Open cambro opened 5 years ago

cambro commented 5 years ago

The Linnaean ranks are of limited utility, but there is an API route that aims to return canonical ranks for taxa. Many taxa are not classified in this scheme because sub- ranks are ignored. A good example is Decapoda < Malacostraca < Crustacea

In the PBDB representation, no crab is classified in any Linnaean sense, as Malacostraca is assigned "Subclass" status and Crustacea is assigned "Subphylum" status and its parent is a clade... with no Phylum rank in the mix.

I recommend elevating "sub" ranks when there is no exact rank for the Linnaean case. In every sense of the word except PBDB, Malacostraca is a Class. Seeing crabs as "unclassified" in the API response makes the data look bad (when in fact they are better).

dwbapst commented 5 years ago

But which way of looking at the taxonomy? The most detailed view in the PBDB is always tracing parent-child (which I admit isn't easy, but can be done), and that seems to reliably work in the newest version of the API. Calling specific Linnean levels by the API is always a bit unpredictable. You seem to be suggesting that it would be preferable for anything to be listed, rather than leaving the returned value for that level as an empty value.

My issue with the suggested fix has multiple points:

1) Unclassified taxa often have parent higher taxa, but many times these aren't a sub-group, they might also be a supra-group or an unranked taxon. Why are we picking to elevate sub-groups specifically?

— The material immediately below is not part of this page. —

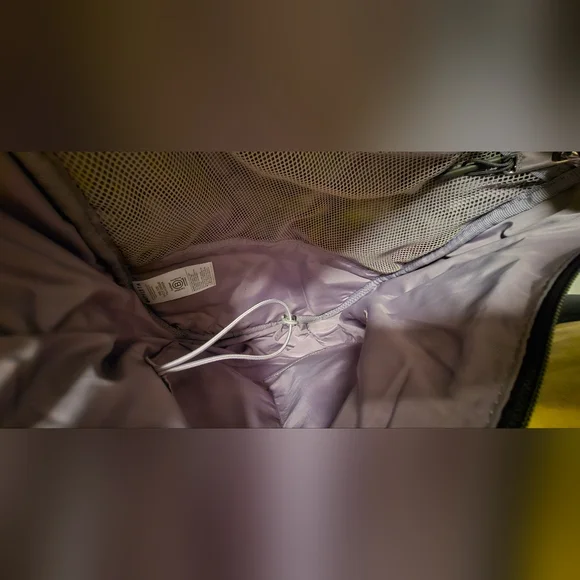 EUC! Olive Green Athleta Excursion Backpack - Picture 7 of 10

2) It seems a little like lying. I've argued before, but the API should be the straight-truth, even if its messy. If the PBDB taxonomy for a higher taxon is wrong (why is Malacostraca a subclass in the PBDB? What opinion places it as a subclass, rather than a class?) then it seems like the solution should be to add an opinion that Malacostraca is a class. Sure, Malacostraca should probably be properly ranked as a class given current taxonomy in the PBDB, and someone has decided it isn't a class. But what about the other cases of subclasses, when-no-class-exists? Then the class entry will now contain something which no one considers to be an actual Linnean class. There are also plenty of things with Indet. class/order/family/etc but belong to what might be ranked as sub-class/sub-family/sub-order, will their lack of a taxonomic opinion be over-written in the API output by things that aren't real classes/orders/families?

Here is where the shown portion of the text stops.